Kerry Weems

The health IT journey has been long and arduous, but the future can be a superb success-or a spectacular failure.

At a Glance

  • As healthcare financial executives plan their health IT investments, they should evaluate not only the technology, but also the governance model.
  • Hospitals need health-centric collaboration of stakeholders and a sustainable business model to ensure the success of their IT investment.
  • The whole enterprise of health IT should be about improving the health delivery system and reducing its cost.

Recently, a local restaurant critic taken with a newly opened eatery dedicated to ersatz sybarites and cosmopolitan wannabes gushed that "everything is perfect, except for the food." For those of us more concerned with what's in the freezer and less concerned with the composition of the frieze, this was a telling comment. However, it does put me in mind of the risks that we run with the current health IT rush. It would be a shame and waste if some years hence the recent efforts on health IT were to be judged "perfect, except for the health."

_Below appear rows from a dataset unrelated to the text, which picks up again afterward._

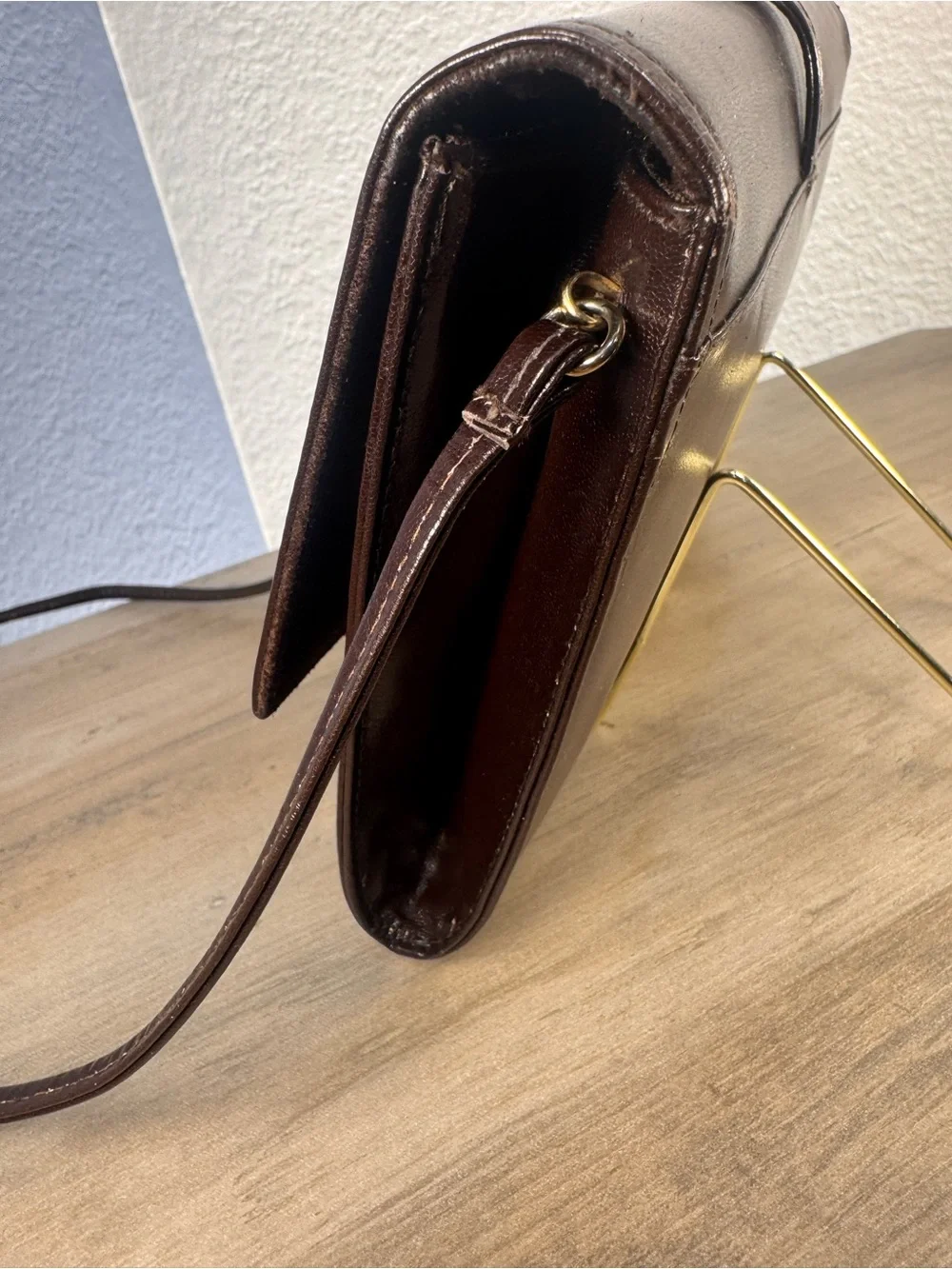 Vintage Jay Herbert New York Brown Leather Envelope Crossbody Shoulder Bag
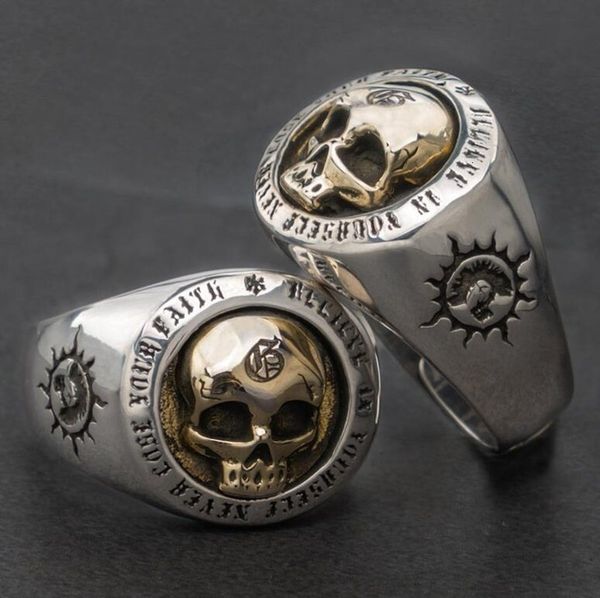 

love ring metal punk gothic skull men biker jewelry, Slivery;golden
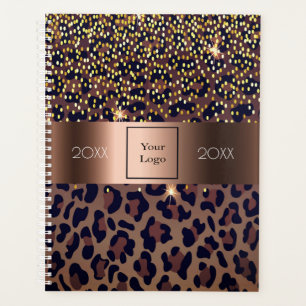 Business logo leopard pattern brown bronze 2026 planner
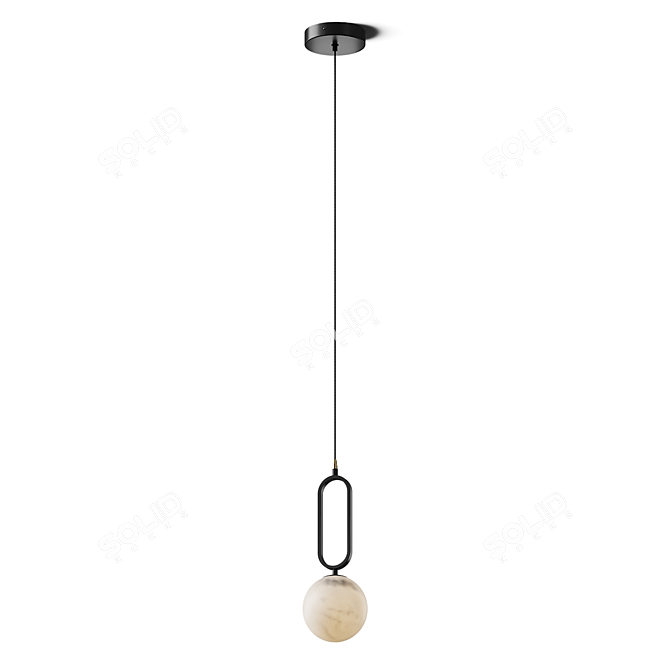 Modern Alabaster Pendant Light Fixture 3D model image 3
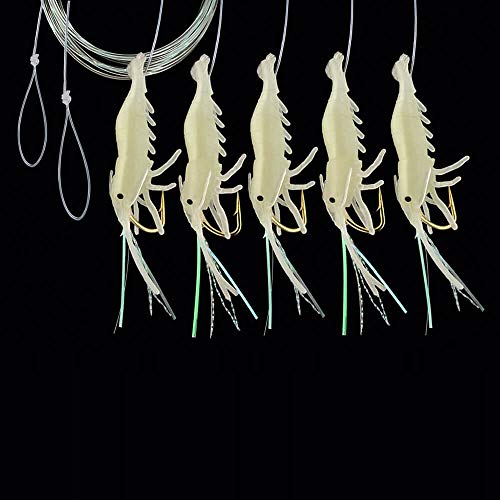 Jenzi DEGA Makrelen-Shrimp Vorfach, mit 5 Seitenarmen, attraktive Shrimp-Imitate, Länge 150cm, Schnur 0,50mm, Hakengröße 1/0, 2 Farben zur Auswahl (Luminous) von Jenzi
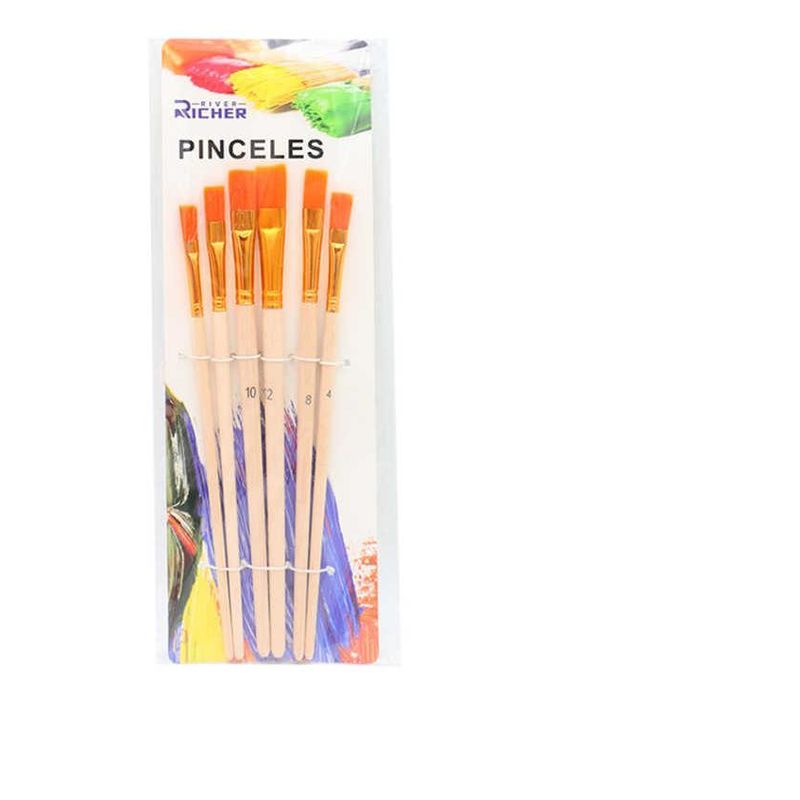 GENERICO - Pinceles Para Acrílica Témpera Acuarela 6pcs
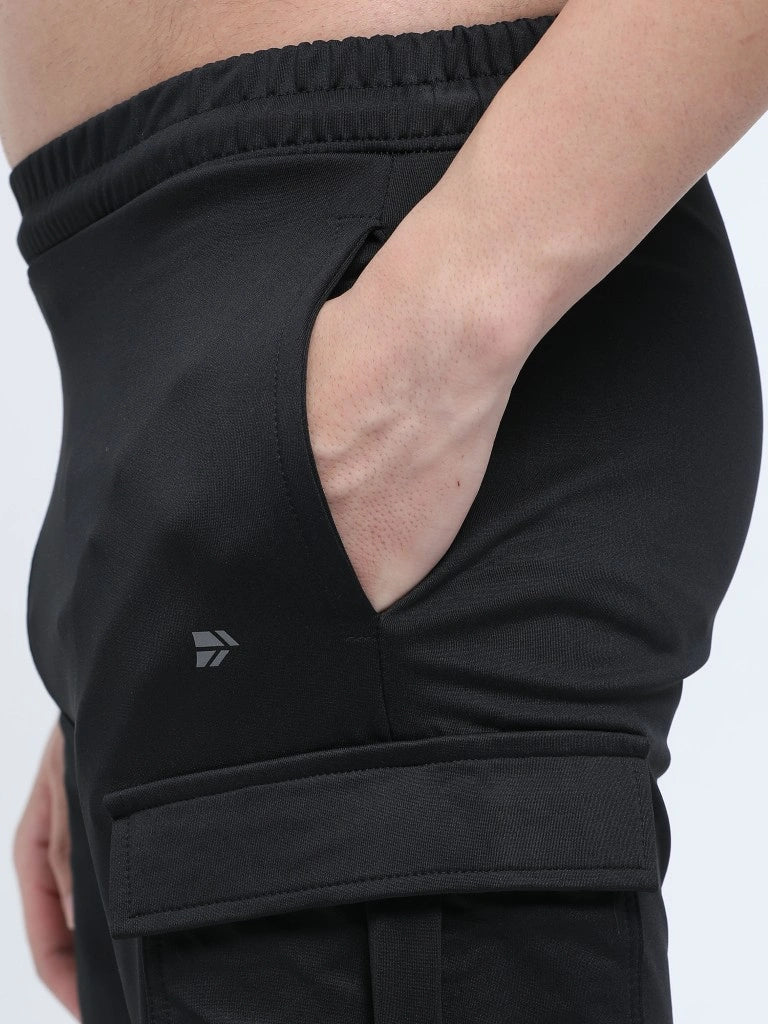 men's cargo shorts black pocket close up shop online - Black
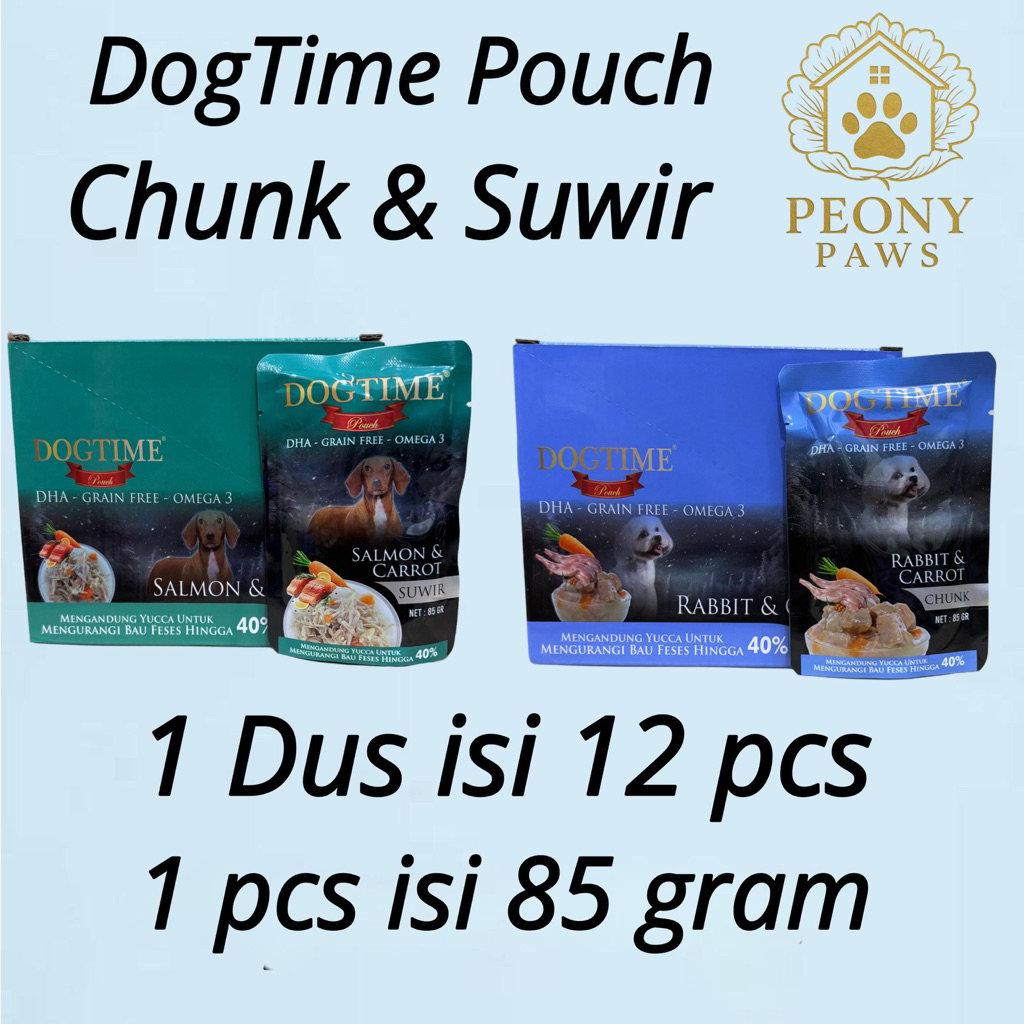 Grosir DogTime Pouch 1 Dus isi 12 Pcs Dog Wet Food Makanan Basah Anjing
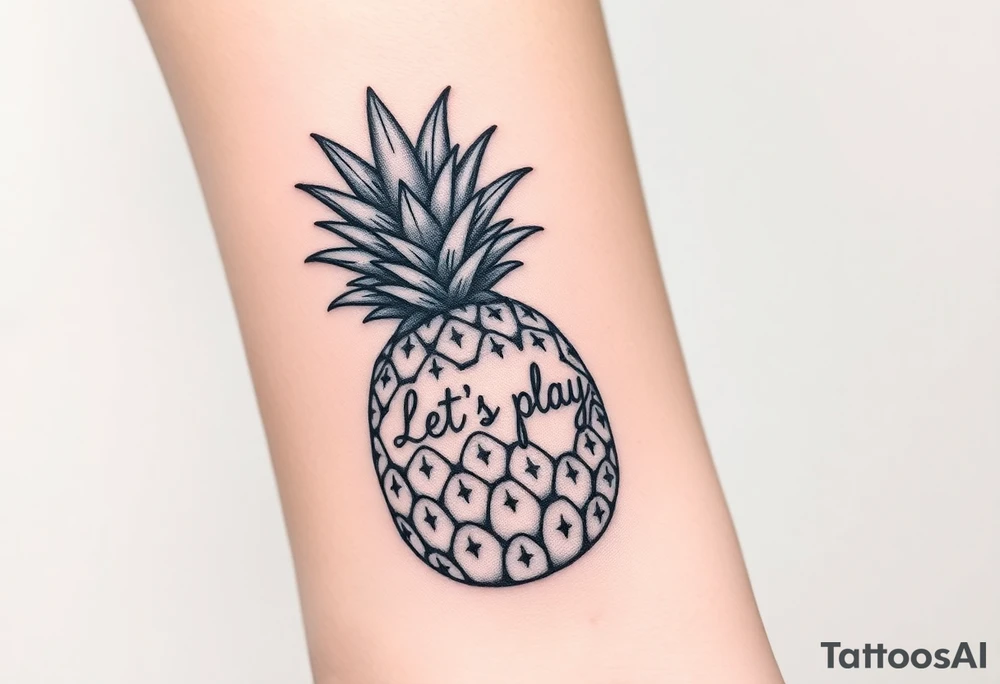 A black ink wrist tattoo featuring a realistic yet minimalistic pineapple. The pineapple is finely detailed with clean, precise lines, capturing the natural texture of the fruit while keeping the design subtle and uncluttered. Inside the body of the pineapple, the phrase "Let's play" is clearly placed in a bold but not overly thick font, ensuring readability while maintaining balance with the overall design. The leaves of the pineapple have a fine-line style with slight variations in thickness for a natural feel. The tattoo blends fine details with subtle bold elements, creating a clean and modern aesthetic. tattoo idea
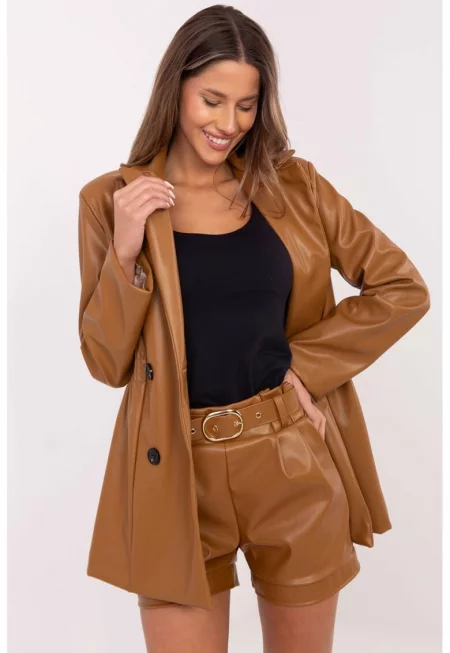 Eco Leather Short Pants - Кафяв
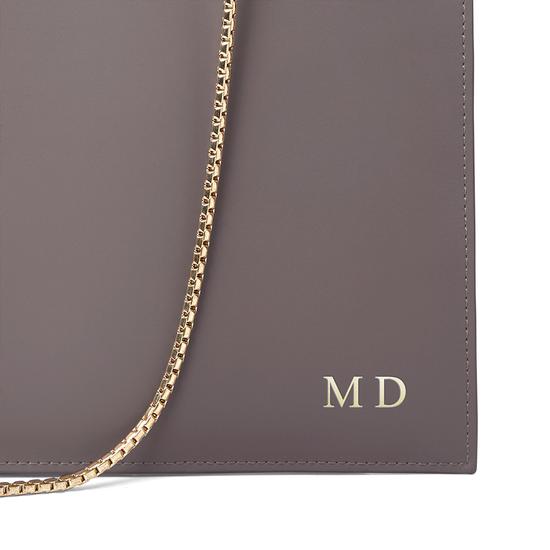Soho Double Sided Clutch in Smooth Chanterelle & Natural Python Print from Aspinal of London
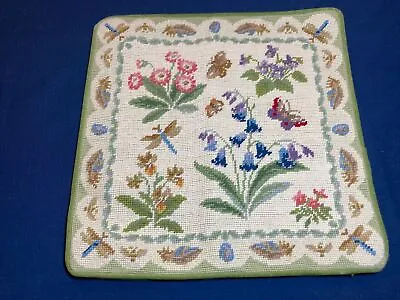 Vintage Needlepoint Pillow Butterflies Floral Colonial Williamsburg 15”x15” • $38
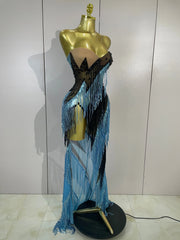 Railey sparkly diamond tassel side slit strapless mesh see-through long dress for nightclub and stage performance styling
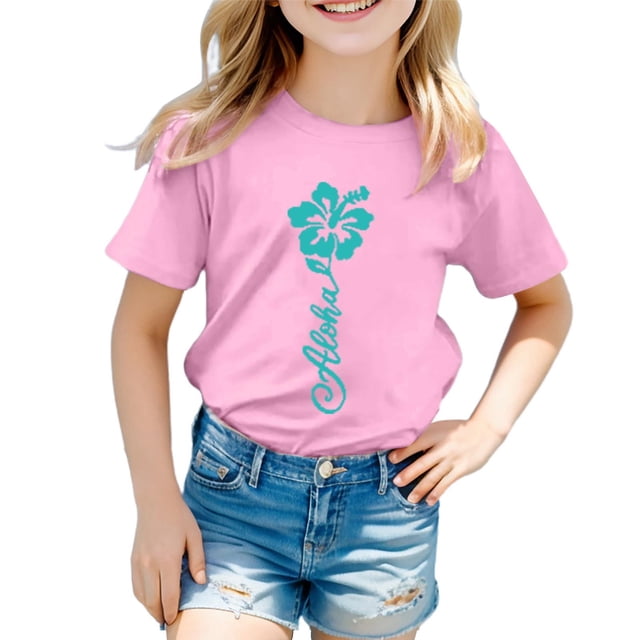 LUOGENLI T-Shirt pour Filles Garçon et Fille Mode Décontractée Imprimé Col Rond Ample Manche Courte T-Shirt Haut Maxi Chemises pour Filles Taille Haute 8-9 Ans
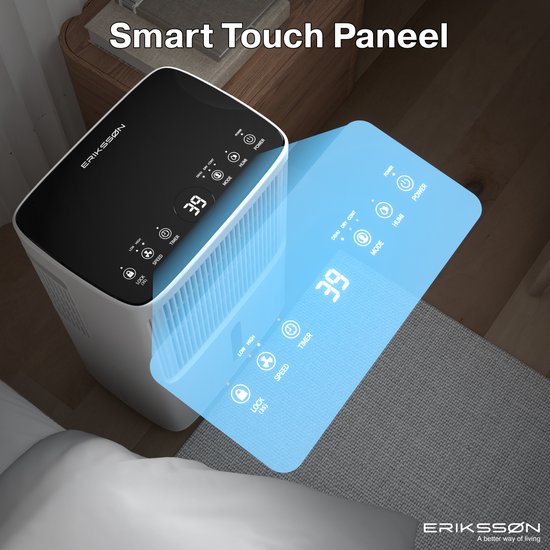 Erikssøn Luchtontvochtiger Dry Pro Plus - Ontvochtigt Tot 16 Liter Per Dag - Was-droog Functie - Geschikt Voor Huis, Slaapkamer , Badkamer , Woonkamer En Kelder - Dehumidifier - vochtvreters voor in huis - Wit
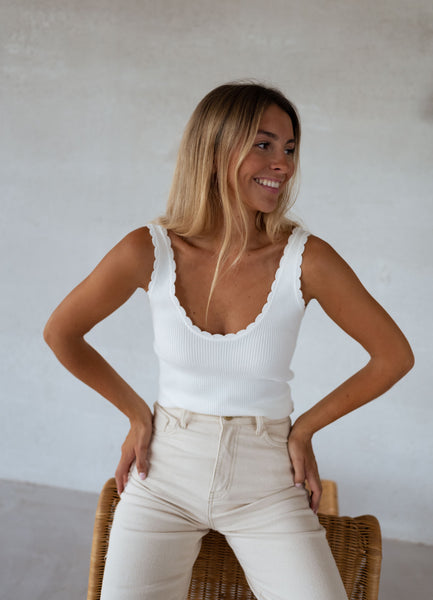 White Bella Ribbed Tank Top | Easy Clothes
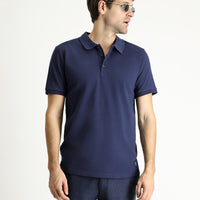 Lacivert Slim Fit Dar Kesim Nakışlı Pamuk Polo Yaka Tişört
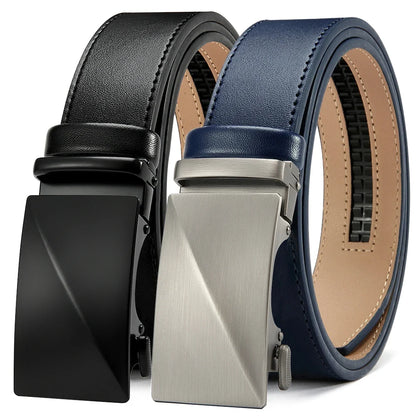 Brand Leather Belts for Men 115cm-135cm Automatic Belt with Ratchet Strap Top Quality Belts Luxury Belts for Men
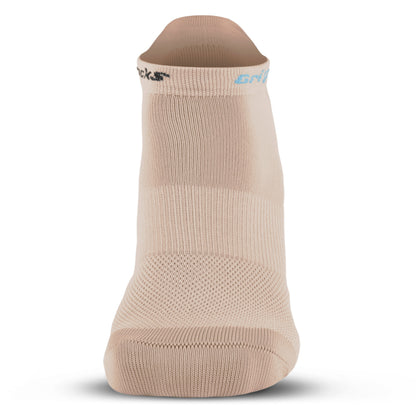 Athletic Socks with Grips - Ankle Sock - Beige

In 2003, a national goal was set for most Americans to have an electronic health record (EHR) by 2014. Work began slowly, but in the past five years, substantial progress has been made in standards harmonization and product certification. To be sure, work was measured, frustrating, and, in many cases, not immediately observable. The sweat equity investment was substantial, but the dollar investment was miniscule until 2009.

Over a year ago, President Obama and the Congress made a substantial investment in health IT-more than $30 billion-in the HITECH Act, a part of the stimulus bill. This investment has produced an explosion of health IT products and "solutions," ranging from the well-known EHR vendors to garage-based start-ups with niche add-ons or features. The various offerings are still bounded by the harmonized standards and product certification and, importantly, by the "meaningful use" criteria, which incorporate patient-centric measures of care into the reimbursement formula for EHRs.

Shiny Objects

At a recent trade show, the exhibition floor was a vertigo-inducing tsunami of inpatient EHRs, outpatient EHRs, "thin" EHRs, add-on devices, consulting services, health information exchanges (HIEs), and personal health records. For those of us who have long labored in the health IT vineyard, it was a welcome and gratifying sight. It signaled that we have reached that moment when providers, patients, and payers can each have the expectation of an encounter based on 21st century technology, not 19th century tradition. We should celebrate that. For legitimate reasons, there will still be those who will criticize the proliferation of health IT products and the various "shiny object" add-ons and "nice to haves." However, I have no doubt that the individual business cases faced by the various providers will soon sort out the necessary and significant from the unnecessary and silly.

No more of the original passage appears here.